The director and scriptwriter of Celts, Milica Tomovic, is now about the age her parents would have been in 1993, but in that year she herself turned eight, just like the family’s youngest child in the story. This puts her in a position to illustrate the events unfolding in (ex-)Yugoslavia that year from a myriad of perspectives. She writes both the children and the adult characters in her film very credibly, giving each a rich inner life, revealing their personal triumphs and frustrations. Celts centers around a family in 1993 Serbia. Against a troubled political background which is spoken about only by the adults in the kitchen, family life goes on as usual with a joyful children’s party at the center of the story.
Minja, her teenage sister and their parents live in a big house in Belgrade, Serbia. The film centers around the eighth birthday party of Minja, whose mother has taken on the responsibility of organizing a teenage-ninja-turtle style party for her daughter and her daughter’s classmates, while at the same time inviting her own close-knit group of friends to join the party with an evening of drinking and heated discussion. The story switches between different perspectives. There is the adult group, which includes a lesbian love triangle, and a gay couple, one of whom is Marijana’s brother. And there’s the children led by Minja, the teenage daughter of Marijana who sulkily stays in her room, and finally the younger cousin of Minja who is about four or five years old. He is the thread which knits together the different groups which are very much stuck in their own worlds.
A number of independent nations – among them Slovenia, Croatia and Bosnia – had all recently left Yugoslavia, leaving just Serbia and Montenegro in what was left of a once extensive federation. The people at the party seem apprehensive but not fearful when it comes to the political situation: their arguments are tinged with frivolity, and they often digress into long tangents about their love lives. Amidst hints about rapid inflation and economic crisis – they drink whisky which had to be smuggled into the country because of sanctions – and angry mumbling about Croatians, life goes on as per usual. Marijana, the mother, is sexually frustrated and her husband is unable to satisfy her anymore. The ex-girlfriend of Ceca, Marijana’s best friend, has brought along a new love-interest and it’s causing gossip in the hallways.
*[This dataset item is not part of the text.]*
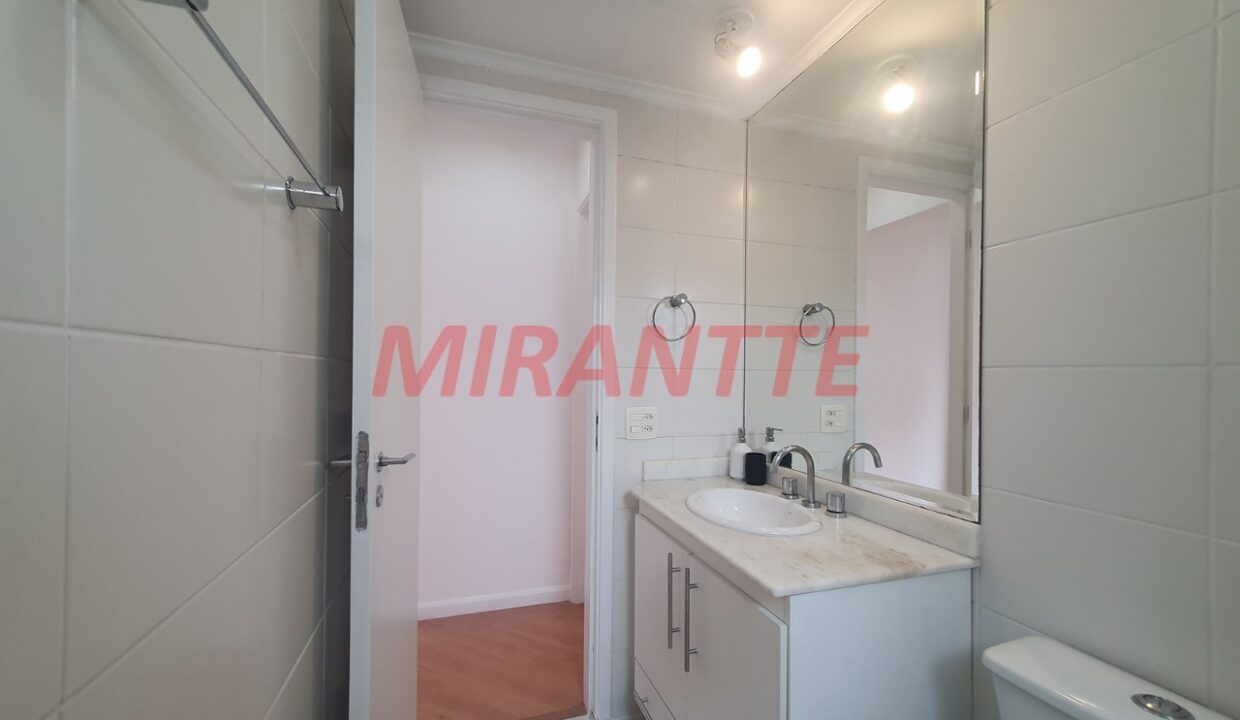 dca282a4b949d07dcd78ecffbf49a463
The homosexual couple are planning to move to the Netherlands because the political situation has left them feeling too nervous.
How do people go about their lives in a war zone? Freud would suggest that our life instincts kick in, making us yearn for social cooperation, for sex and survival. Marijana’s character is a perfect example of this: she’s aggressively horny, and yet she’s organized this elaborate party and manages to navigate her way between all of the different groups at the party like a perfect hostess.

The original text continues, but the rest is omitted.